Foto referencial

“Lo que sí puedes hacer es colocar las frases unas junto a otras, dejar que se vean e incluso, si les apetece, que se toquen. Más no». (ELÍAS CANETTI)

Quise empezar a leer la novela de un autor desconocido que contaba la vida de unos adolescentes. Encontré la obra al navegar por océanos digitales en internet. Dejé la historia a las pocas páginas al tropezarme con errores de ortografía en la primera página. Leí “ying y yang”  [sic ] cuando el artista de quien no diré el nombre debería haber escrito: yin y yang. Tuve la impresión de que el hombre -o mujer- sentado al teclado escribía sobre el asunto sin conocimiento. Nadie que hable del yin y el yang escribe erróneamente el nombre de ninguna de estas fuerzas del taoísmo. Me dije a mí mismo, pensando en el bienestar del escritor, que al menos habría tomado la precaución de ocultarse bajo un pseudónimo y que el nombre que aparece encima del título no sería auténtico. La verdad es que no lo sé, y por si acaso para no molestar mantengo la discreción de no revelar nada acerca de su identidad.

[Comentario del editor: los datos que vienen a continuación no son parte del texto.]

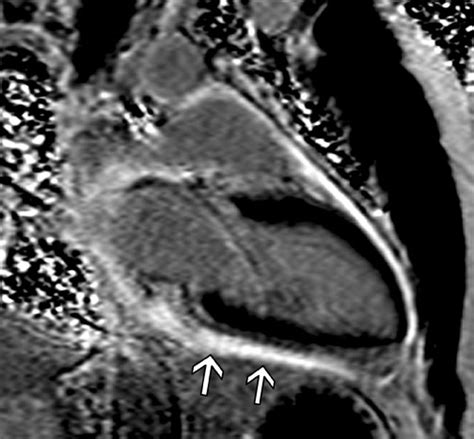 Pericarditis Cardiac Mri Radrounds Radiology Network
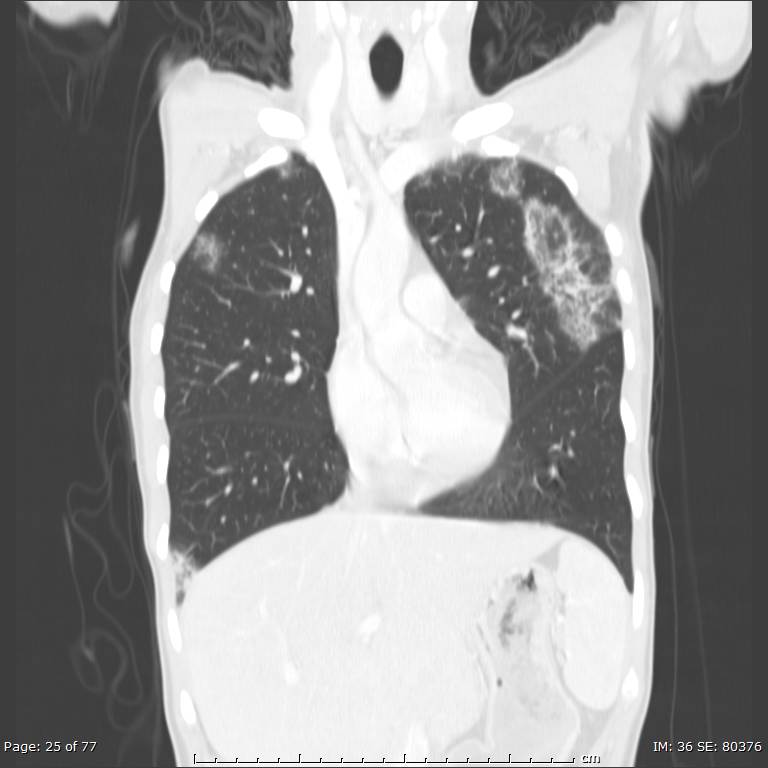 Acute eosinophilic pneumonia (Radiopaedia 48211-53073 Coronal lung window 16).jpg
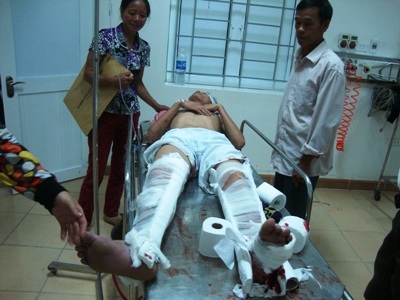 Vụ tai nạn xe khách thảm khốc: Xe cố chạy sau khi bị hỏng? - 2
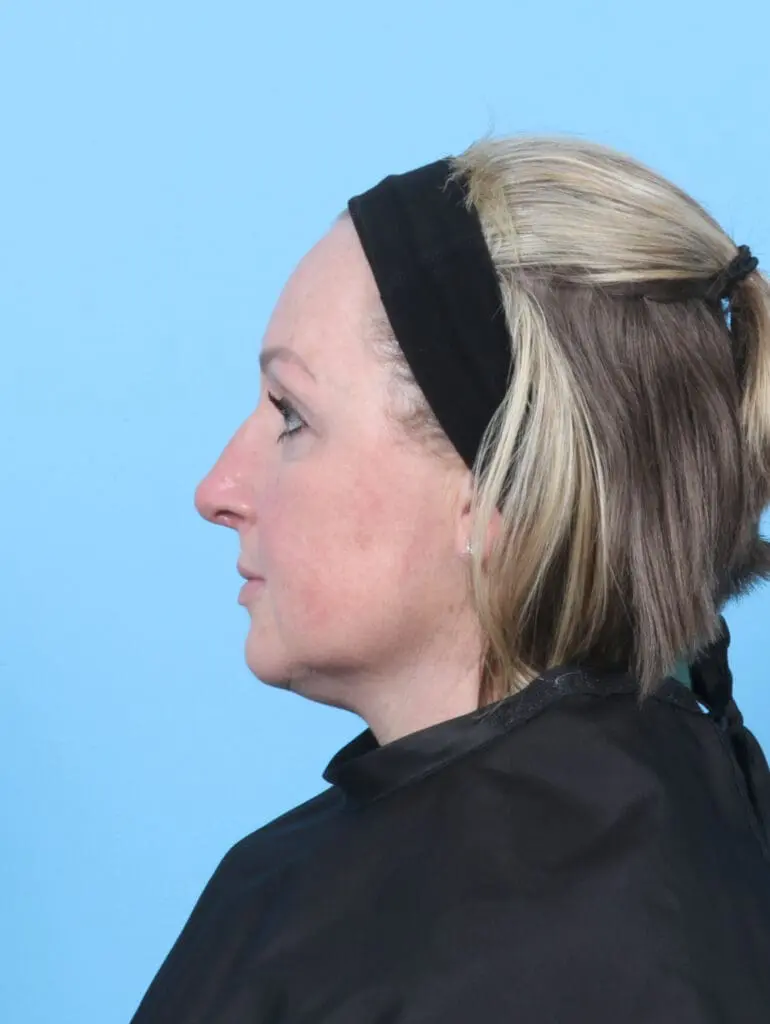 Rhinoplasty - Case 52475 - After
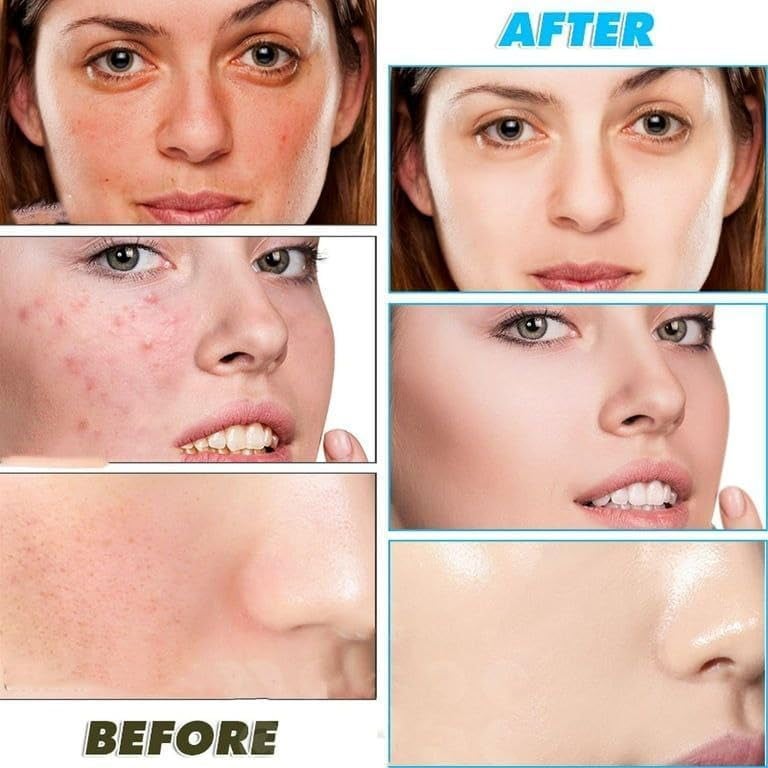 Turmeric & Kojic Acid Face Cleansing Pads for Dark Spots, Skin Brightening & Acne Prevention | Vitamin C, Retinol & Chamomile Hydrolat | For Women & Men | All Skin Type -60PCS (60 Cleansing Pads) - Image 3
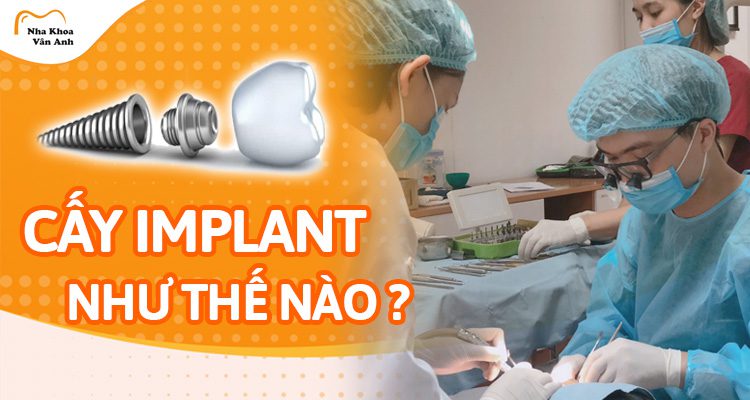Quá trình cấy ghép Implant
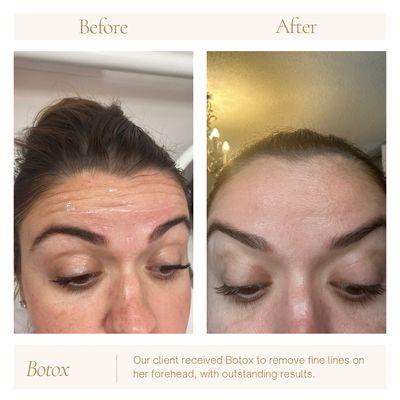 Botox Before and After, with incredible results reducing fine lines on our client's forehead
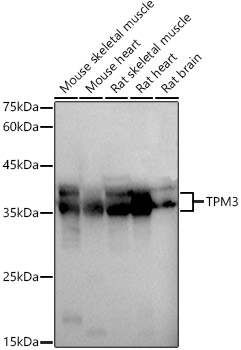 TPM3 Rabbit pAb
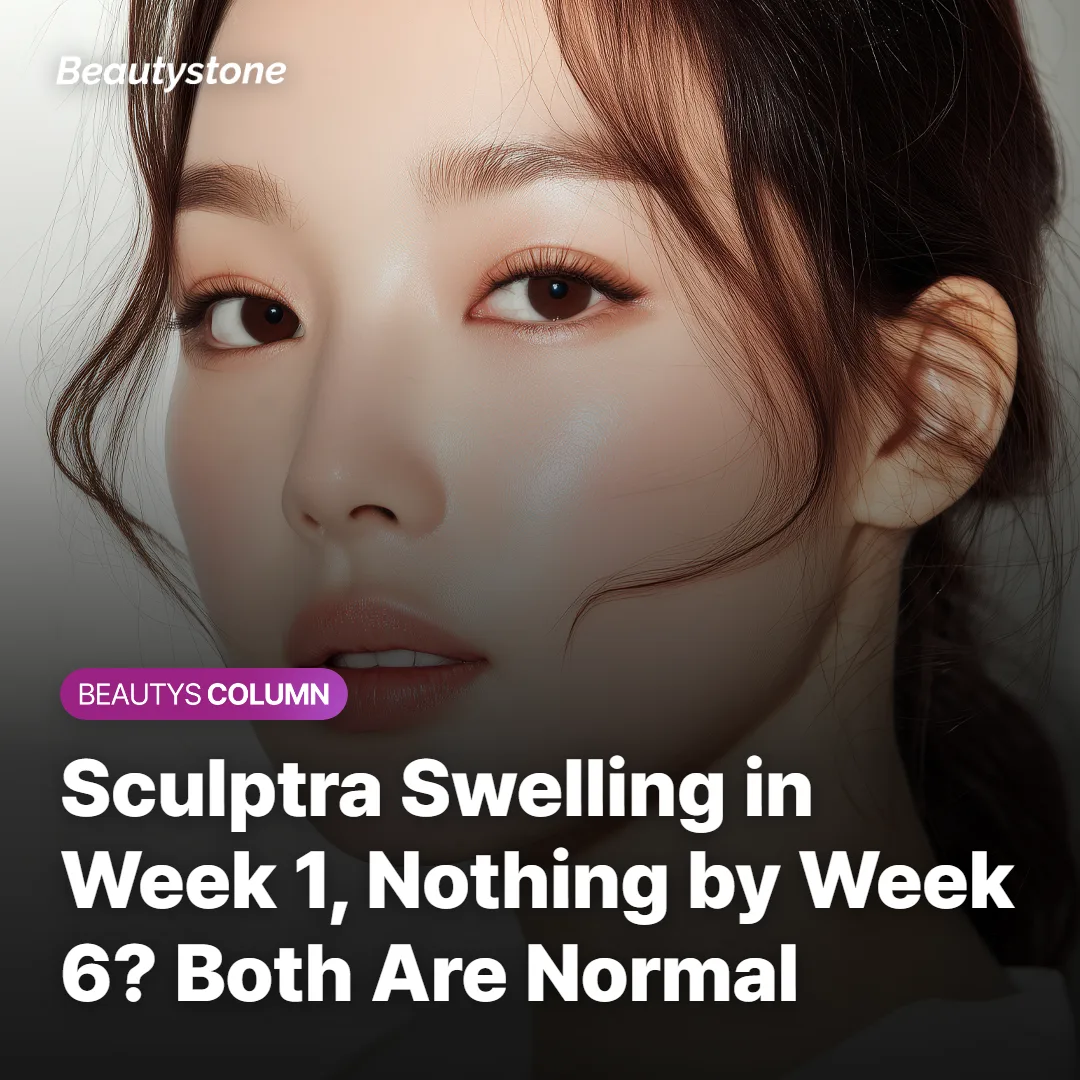 Sculptra Swelling in Week 1, Nothing by Week 6? Both Are Normal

Comprobará, querido lector, que no voy a desvelar el título de la obra. Y es que escribo hoy sintiendo remordimientos por esta reseña negativa. En fin, como decía ahí arriba dejé la historia a las pocas páginas porque yo tampoco soy don Perfecto y todos cometemos algún error de vez en cuando. El caso es que seguí leyendo. Buscaba una lectura motivadora para alumnos de entre 13 y 16 años de edad. Pretendía hacerles leer en voz alta, comentar párrafos y líneas. Hacerles pensar. El título de la novela resultaba evocador al parecerse a otra pieza de una obra clásica de la literatura universal. Sin embargo, a medida que leía aparecían más faltas de ortografía, el argumento se veía predecible y el estilo carecía de esa dosis imprescindible de singularidad que requiere todo texto literario.